• **Supplied information**:
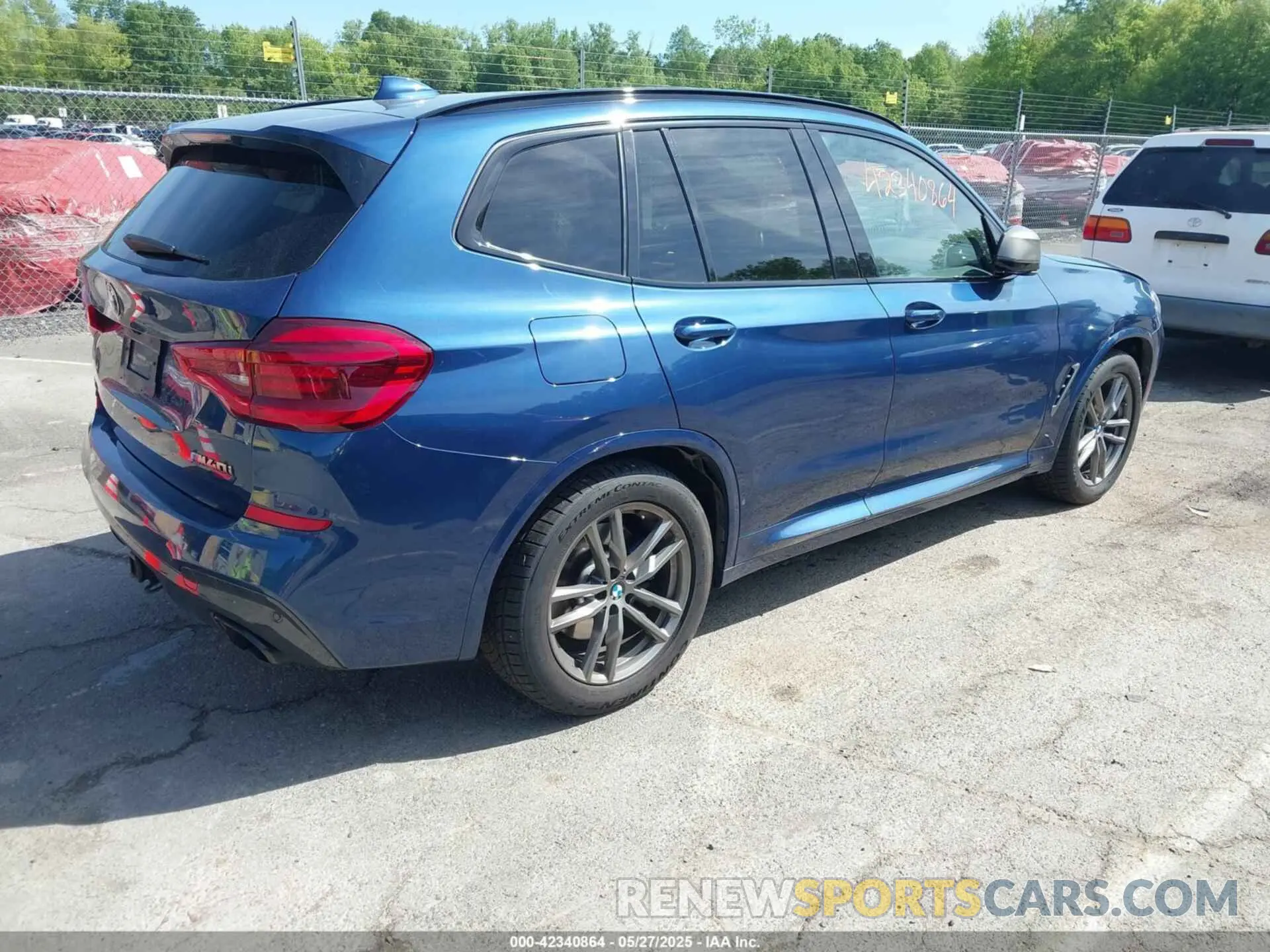 4 Photograph of a damaged car 5UXTY9C00L9B77025 BMW X3 2020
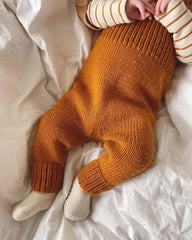 Baby iført brune Willums Selebukser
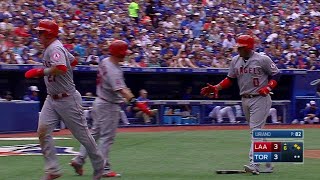 LAA@TOR: Simmons' two-run single ties the game at 3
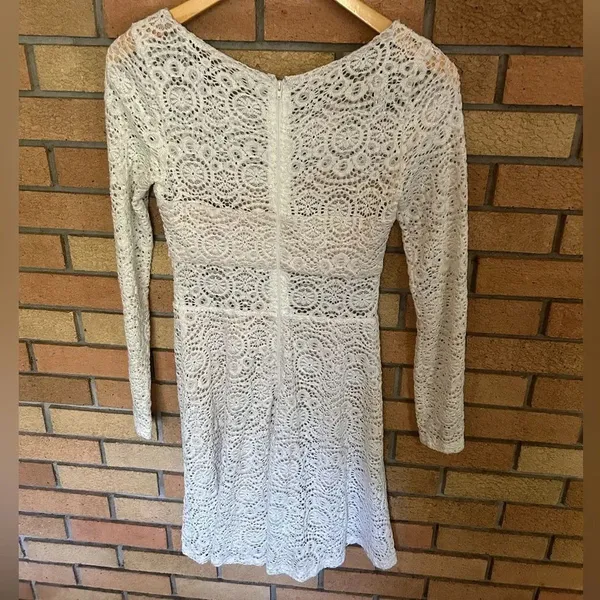 Sequin Hearts Glitter White Lace Mini Dress Junior’s Size 7 With Padded Bra NWOT - Image 2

• **Your instructions**: Please set down every line of the data above precisely, dropping the images.

• **Result of this task**:
 4 Photograph of a damaged car 5UXTY9C00L9B77025 BMW X3 2020
 Baby iført brune Willums Selebukser
 LAA@TOR: Simmons' two-run single ties the game at 3
 Sequin Hearts Glitter White Lace Mini Dress Junior’s Size 7 With Padded Bra NWOT - Image 2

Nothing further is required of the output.